Modern Optimizers Built on Gradient Descent

Plain gradient descent has known weaknesses: it can be slow on flat surfaces, it treats every parameter the same regardless of how frequently it’s updated, and it has no memory of previous steps. Modern optimizers address these issues while keeping gradient descent as their foundation.

The most widely used optimizer today is Adam, short for Adaptive Momentum. It improves on basic gradient descent in two ways. First, it maintains a running average of recent gradients, giving the algorithm momentum. Like a ball rolling downhill, this momentum helps it push through flat regions and saddle points instead of stalling. Second, it adapts the learning rate for each individual parameter. Parameters that have been receiving large, consistent gradients get smaller learning rates to prevent overshooting, while parameters with small or infrequent gradients get larger rates to speed them up. Default settings that work well across a wide range of problems (a learning rate of 0.001, with momentum factors of 0.9 and 0.999) have made Adam the go-to choice for most practitioners.

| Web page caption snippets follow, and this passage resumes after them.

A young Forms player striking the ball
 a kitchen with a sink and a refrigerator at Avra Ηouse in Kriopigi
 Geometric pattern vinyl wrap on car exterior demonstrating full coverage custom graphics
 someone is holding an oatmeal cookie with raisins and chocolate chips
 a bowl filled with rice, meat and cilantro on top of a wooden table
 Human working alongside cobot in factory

Why It Dominates Machine Learning

Gradient descent isn’t the only optimization algorithm that exists. Methods like evolutionary algorithms or random search don’t require computing slopes at all. But gradient descent has a decisive advantage: it uses information about the direction of improvement, not just whether things got better or worse. This makes it vastly more efficient in high-dimensional spaces. A modern language model might have billions of parameters. Trying to optimize those by random trial and error would take longer than the age of the universe. Gradient descent, by following the slope, navigates that enormous space in a directed way, which is why it remains the engine behind virtually every machine learning system in production today.